KCB CEO, Mr. Joshua Oigara said that the growth in profitability was a result of a sustained push to manage costs in Kenya and the international businesses as well as growing non-funded income.
KCB has been focusing on driving up non funded income. “Fees and commissions grew by 19% as a result of increased transaction volumes and new products which we have rolled out to meet changing customer needs,” said Mr Oigara. He said that the investments they have created through partnerships are bearing fruits especially the partnership with Safaricom which has been a game changer in the financial services sector. KCB is focused on financial inclusiveness as part of its strategy.
KCB has increased its investments in new business lines. 2 weeks ago KCB formally launched KCB Insurance Agency business which has been rolled out to 98 branches so far and will be rolled out to the rest of the branches and region in the next one year. For the full-year ending December 2014, the agency saw profits rise by 268% (year on year growth) from KShs 42.23 million in 2013 to KShs 155.23 million.
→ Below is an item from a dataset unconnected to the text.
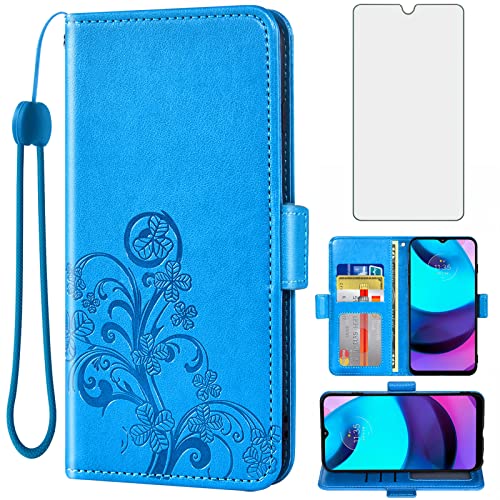 Funda cartera Moto E20 que evita roturas de pantalla gracias al vidrio templado azul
In April 2015 KCB Group also launched its Islamic Banking unit which seeks to tap into the demand for Islamic financial products across the East African region.
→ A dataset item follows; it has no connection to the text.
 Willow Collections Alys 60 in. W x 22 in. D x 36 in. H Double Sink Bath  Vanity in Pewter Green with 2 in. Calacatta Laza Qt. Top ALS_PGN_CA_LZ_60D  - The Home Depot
KCB plans to invest in the digital payments platform as the region moves towards a cashlite economy. Last month KCB invested in a revenue collection solution to facilitate collection of taxes across the country as part on its initiative to enhance service delivery to citizens in the ongoing devolution process.
Mid-last month, KCB Group rolled out an ambitious programme aimed at facilitating the collection of taxes across Kenya’s 47 counties. The revenue collection solution is part of the Bank’s wider initiative to enhance service delivery to citizens in the ongoing devolution process. The Bank has a strategic agreement with the Kenyan government to aid the disbursement of over KShs. 30Billion under the social protection programme for the aged, poor and disabled using a biometric card dubbed Inua Jamii.
The Group also recently rolled out M-Benki and Biashar@Smart (together with Safaricom), which are based on mobile phone platform. They also launched the KCB M-PESA Account, the second product under the strategic partnership between KCB Group and Safaricom. In one month, the KCB Mpesa product hit a major milestone by reaching 1 million accounts in just four weeks.